The event aims to discuss whether fear, hatred or hostility against Muslims persists after Sept. 11, 2001, when an Islamic terrorist group carried out attacks on the World Trade Center in New York City and the Pentagon.  

What You Need To Know

  • 20 years after the Sept. 11 attacks, the Islamic Center of Charlotte is holding a conversation about Islamophobia

  • The event, which will include dinner, aims to find whether it remains a concern in Charlotte

  • The talk will take place at 5 p.m. at the Al-Nour Community Center at 8310 Harrisburg Road

According to the Pew Research Center, even though the Muslim population has grown since then in the U.S., many Americans still know little about Islam or Muslims. 

The Pew Research Center states that even though many Americans have negative views toward Muslims or Islam, 53% say they don't know anyone who is Muslim. In addition, 52% say they don't know much or anything about Islam. Americans who know Muslims are more likely to view them in a positive light.

Shamudeen, who is the new leader, or imam, of the Islamic Center of Charlotte, said he's a better person after converting to Islam. 

However, he recalls that not everyone welcomed his religion with open arms after 9/11.

“We have been marginalized, ostracized.

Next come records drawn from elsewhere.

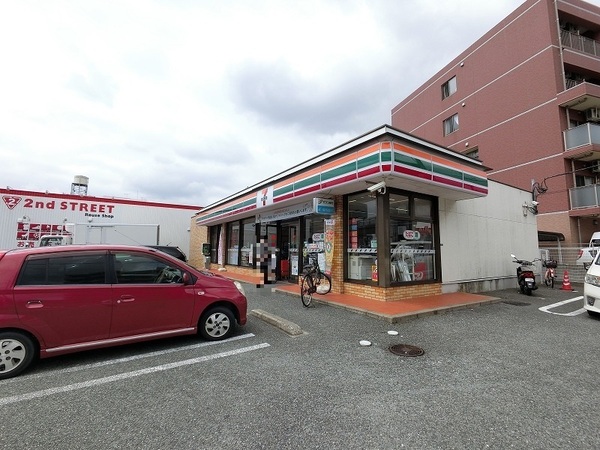 東峰マンション大橋２(セブンイレブン福岡高木1丁目店)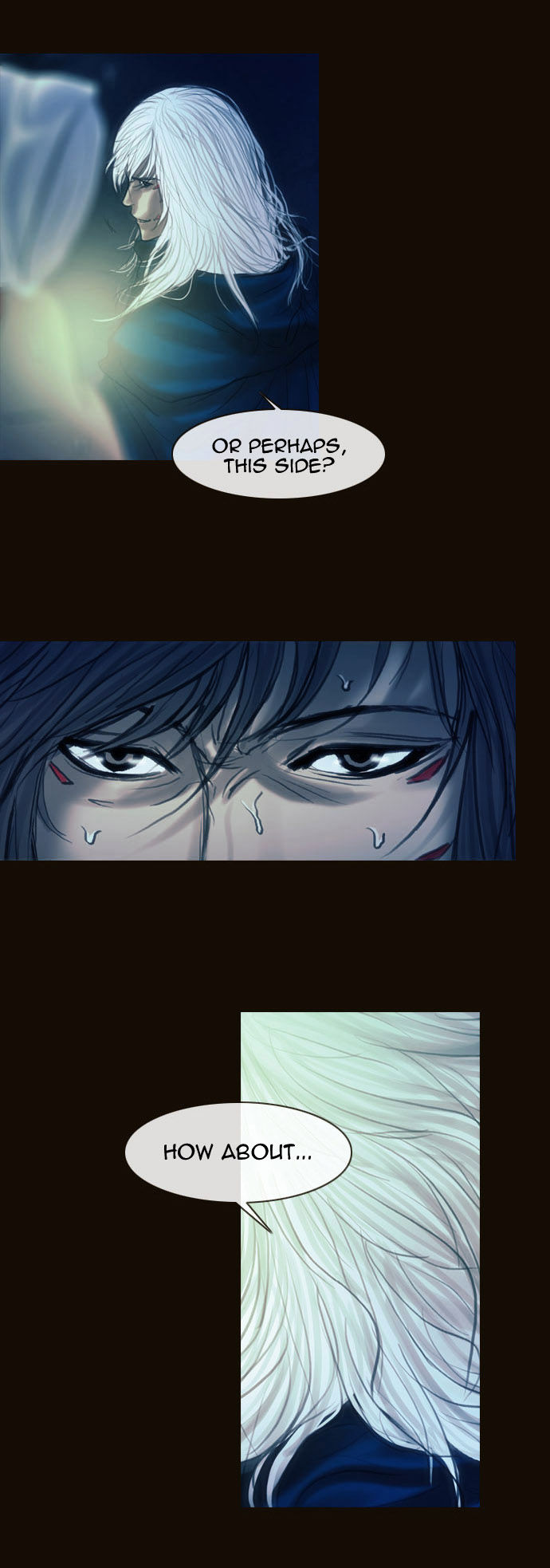 Magician (KIM Sarae) Chapter 1.162 page 21 - Vol.1 Chapter 162 : Resolve (01)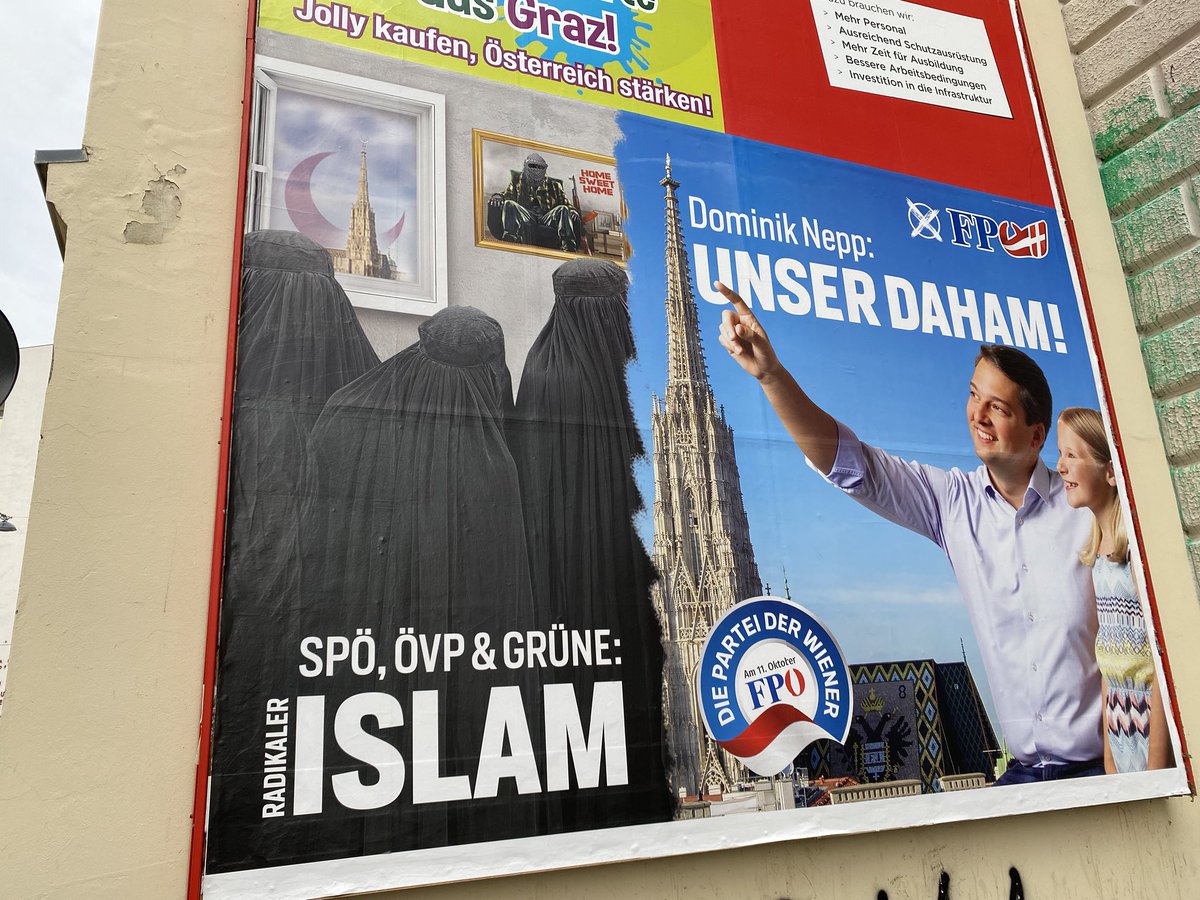 wtfjohngalt's tweet photo. Es geht immer tiafer. #WienWahl2020 #grauslich https://t.co/AIiaDMlfnW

We have been made to feel as if we're not citizens, we are not Americans,” Shamudeen said.

 He said four of his tires were slashed, and his car was keyed in Charlotte at some point after 9/11.

 "That to me is small, property can be replaced," Shamudeen said. 

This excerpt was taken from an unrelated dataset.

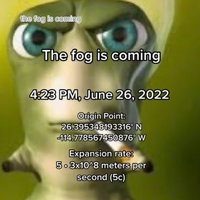 What is the fog is coming meme know your meme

His biggest concern is people fearing Muslims when the majority of them mean well. 

"As a Muslim, we should be kind," Shamudeen said. "We should show compassion and care for everything. And if a person is cruel and he's mean, and he's harsh, then what he's doing at the time is not Islamic. Even though he may claim he's practicing Islam, he's not."

The Saturday event, which includes dinner, is open to Muslims and non-Muslims. 

"We just want to take stock of where we stand. And I would love to hear the opinion of everyone in the community, Muslims and non-Muslims alike, the elders and the youth, women, and men. How has this affected them so far? How have they coped? What are the coping techniques and mechanisms that they have utilized and what can we do individually and collectively," Shamudeen said. 

He also said if anyone is interested in knowing more about Islam, he's happy to share more about his religion with them. 

"I'm here to serve people, not only Muslims. If anyone wants to find out more about Islam, I'm here for you, I'm your imam, too," Shamudeen said. 

Shamudeen said if people knew more about Islam, they would realize we are more alike than different. 

"We want good for America and for Americans and for ourselves and our families and for all," Shamudeen said. "And if a person were to do a wrong in the name of Islam, the rest of us are not responsible for that."

The event will be held at 5 p.m. at the Al-Nour Community Center, located at 8310 Harrisburg Road in Charlotte. This location also has classrooms for the Charlotte Islamic Academy.